# Ego Amo Tua



## Sasha2606

what does this mean?


----------



## valy822

Can you give us more context please?


----------



## panjandrum

It reads like an attempt to say *I love you* in Latin?


----------



## ccvl

But tua doesn't mean Te in Latin! And as far as I can remember (my knowledge of Latin is really poor), they wouldn't use the personal pronoun for the subject.


----------



## Juri

Ego is OK. Tua is "tibi".
Ego valeo,et spero ut tu valeas.(I'm well, and hope you also)


----------



## AlxGrim

My Latin is quite rusty, but "tibi" is dative, it means "to you". The correct sentence SHOULD be "(ego) te amo". The subject is rarely explicited in Latin. Waiting for a real Latin guru for a final word...


----------



## DareRyan

Te amo is the closest yet but in Latin th subject always comes first therefore rendering it "Amo te". "Ego amo tua" is non sensical. tua in this case would have to be in the ablative or genative but if it is an object like this the accusitive is always required. Therefore "Amo tuam (Feminine object)" or "Amo tua (Ablative noun)" are all appropriate but as previously stated "Amo te" is the only correct rendering of I love you. Amo being the verb and subject. Te being the object.


----------



## panjandrum

As I was taught Latin, the verb always came at the end, hence I love you would be "*Te amo*".
Of course, I was taught Latin a long time ago.
It would be useful to know if Sasha thought this was Italian?


----------



## dwipper

"Ego amo tua" would literally mean "_I_ love your."

"Ego te amo" would be the correct way to form the statement, with "te" in the accusative. The "ego" in this would be used for emphasis and is correct grammitically, though not necessary. And since Latin is inflected, the order of words is not set, though generally the verb is at the end and pronouns preceed the verb.


----------



## DareRyan

panjandrum said:
			
		

> As I was taught Latin, the verb always came at the end, hence I love you would be "*Te amo*".
> Of course, I was taught Latin a long time ago.
> It would be useful to know if Sasha thought this was Italian?




It all depends. If the subject and the verb are one and the same (Amo = I love [both subject and verb]) it comes first in most cases.


----------



## diegodbs

Ego amo tua (omnia).

"Tua" is neuter accusative plural, used in Latin meaning "tua omnia".
It could be translated as "I love everything about you"

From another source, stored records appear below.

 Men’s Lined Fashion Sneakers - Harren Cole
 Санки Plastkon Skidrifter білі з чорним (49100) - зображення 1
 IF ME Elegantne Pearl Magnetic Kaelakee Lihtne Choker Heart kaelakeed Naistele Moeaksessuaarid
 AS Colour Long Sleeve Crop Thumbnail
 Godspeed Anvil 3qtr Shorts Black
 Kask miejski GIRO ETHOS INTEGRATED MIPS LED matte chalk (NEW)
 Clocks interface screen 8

From Cicero: "ego te amo, ego tua tueor".


----------



## Sasha2606

umm...yes...i thought it was italian i guess...and it was used in that exact context...."ego amo tua" out of nowhere.. =)


----------



## belano75

Hello,

Regarding to this question, this phrase has a perfect sense. In fact, this kind of phrases are very common in latin. About the order, the verb at the end is the rule, but it is perfectly common to change it (in poetry, for instance).

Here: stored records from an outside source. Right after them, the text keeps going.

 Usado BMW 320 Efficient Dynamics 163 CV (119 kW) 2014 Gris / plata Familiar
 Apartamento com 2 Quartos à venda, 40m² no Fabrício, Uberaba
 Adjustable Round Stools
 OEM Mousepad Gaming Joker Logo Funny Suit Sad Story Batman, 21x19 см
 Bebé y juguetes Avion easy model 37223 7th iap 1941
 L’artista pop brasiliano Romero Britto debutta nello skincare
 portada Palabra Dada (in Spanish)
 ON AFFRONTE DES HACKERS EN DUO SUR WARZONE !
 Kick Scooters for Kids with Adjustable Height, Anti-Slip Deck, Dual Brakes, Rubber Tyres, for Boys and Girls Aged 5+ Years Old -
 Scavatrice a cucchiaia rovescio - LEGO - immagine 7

About the translation, I think diegodbs' is the better one. TUA is neuter accusative plural. Perhaps "tua omnia" is a good interpretation, but they taught me to translate it simply as "your things" (in spanish "lo tuyo" or "tus cosas").
So, the translation into English would be: "I love your things" in a general sense (the things you do, your style...). "I love everything about you" is also a good translation.

Best regards...


----------



## DareRyan

I suppose the real question is how long this person has been studying Latin. Assuming this person is a beginner, "Tua omnia" is definately a streach in terms of their assumed abbilities. Rendering the phrase grammarically incorrect. If the person is indeed a tried and true "Latin scholar" than tua ominia may be implied. I doubt this is the case though, as in my studies "Tua" is ALWAYS a reference tu an inanimate object. "Tuarum" would have been a more appropriate reference to an animate object or a reference to a person as I have seen to be the trend.


----------



## river

I thought it was _ego amo te as_ in the hymn
O Deus ego amo te,
Nam prior tu amasti me;
En libertate privo me
Ut sponte vinctus sequar te.​


----------



## dwipper

river said:
			
		

> I thought it was _ego amo te as_ in the hymn
> O Deus ego amo te,
> Nam prior tu amasti me;
> En libertate privo me
> Ut sponte vinctus sequar te.​



Word order is flexible in Latin--especially in poetry and music. In this case, it's just facilitating the rhyme scheme.


----------



## belano75

river said:
			
		

> I thought it was _ego amo te as_ in the hymnO Deus ego amo te,
> Nam prior tu amasti me;
> En libertate privo me
> Ut sponte vinctus sequar te.​


ego amo te: I love you
ego amo tua: I love everything about you / the things you do


----------



## Le Pamplemousse

If I was going to say "I love everything about you", I would probably use a genitive:

"(Ego) omnia tui amo."


----------



## ampurdan

Yes, I'm with Diego. It's (ac. pl.) "tuos, tuas, tua": your things. But I don't see why you add "omnia". "Tua" is a pronoun by its own right and means: "your things".


----------



## Le Pamplemousse

It's the difference between saying: 

"I love your things."
and
"I love all of your things."

Omnia is just the neuter, plural, accusative adjective acting as an intensifier.


----------



## ampurdan

Yes, I know, but "omnia" is not in the sentence Sasha gave us. So, why you guys put it in the translation?


----------



## Kuala_lumpur_ii

OkSo... In reading just the opening and browsing over all in between... I felt I had to place some input.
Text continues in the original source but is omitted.